** PROBLEM TO SOLVE **
When the line with "Domek Góralski Belwederek" comes up, set it down and every later line to the end of the data, exactly and without pictures.

** RECORDED INFORMATION **
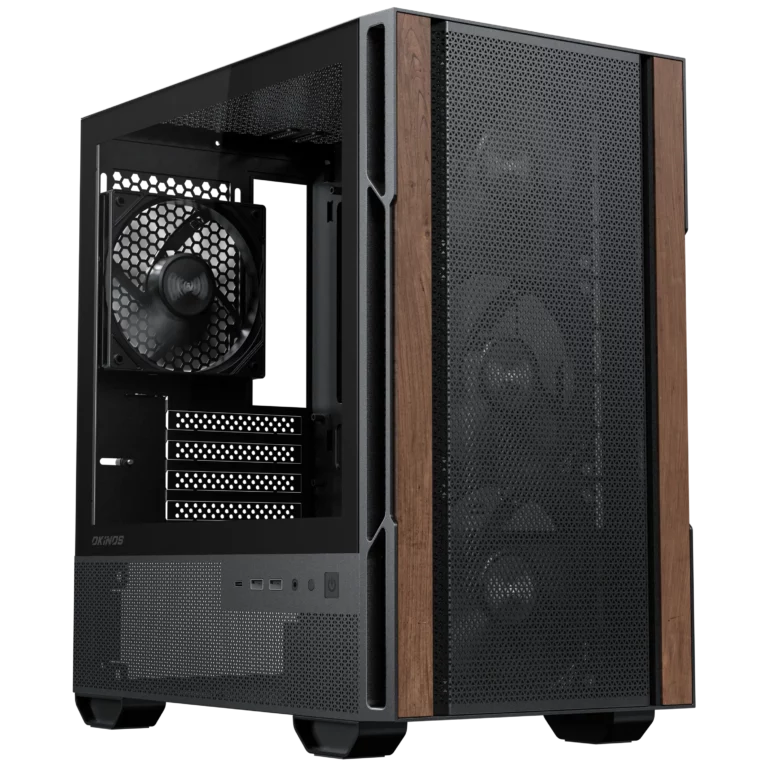 CYPRESS 3 WOOD DESIGN MATX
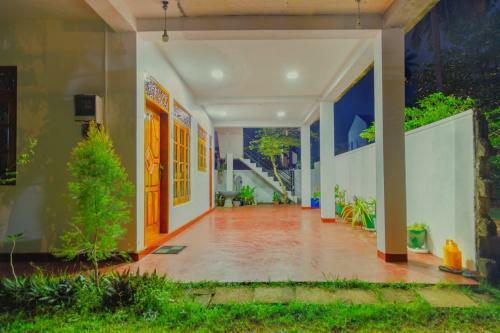 Hotel Talalla Paradise Villa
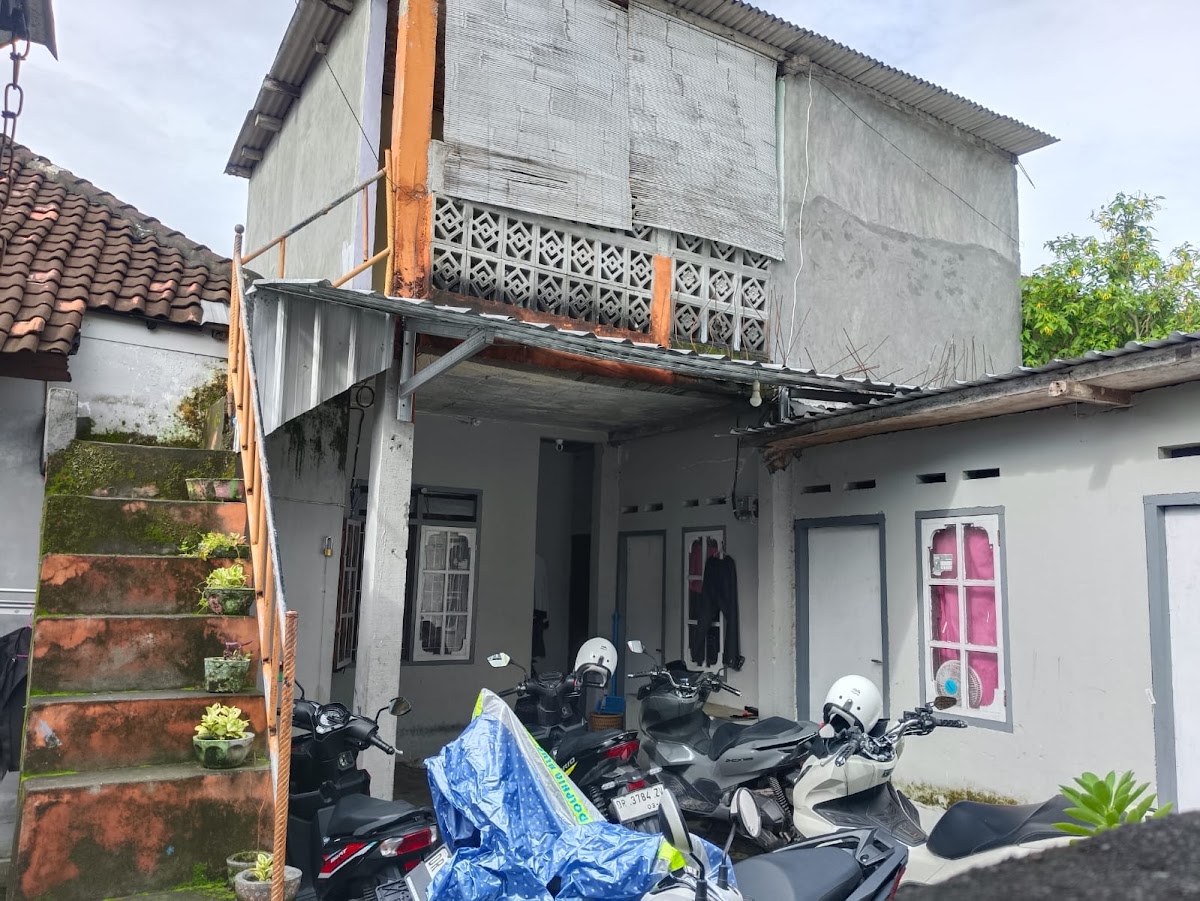 Kos putri kebontalo - Sewa di Selong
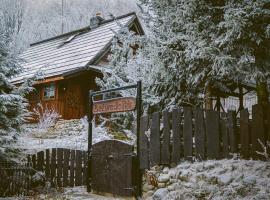 Domek Góralski Belwederek ski-in ski-out z prywatną sauną, hotel v Karpaczi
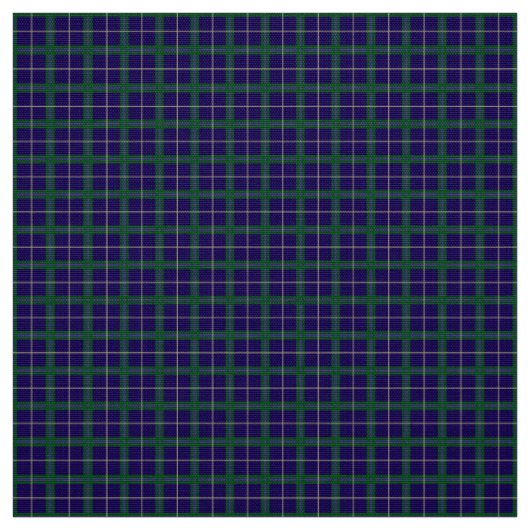 Universität Tartan Stoff (Muster)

** RESULT OF THIS TASK **
 Domek Góralski Belwederek ski-in ski-out z prywatną sauną, hotel v Karpaczi
 Universität Tartan Stoff (Muster)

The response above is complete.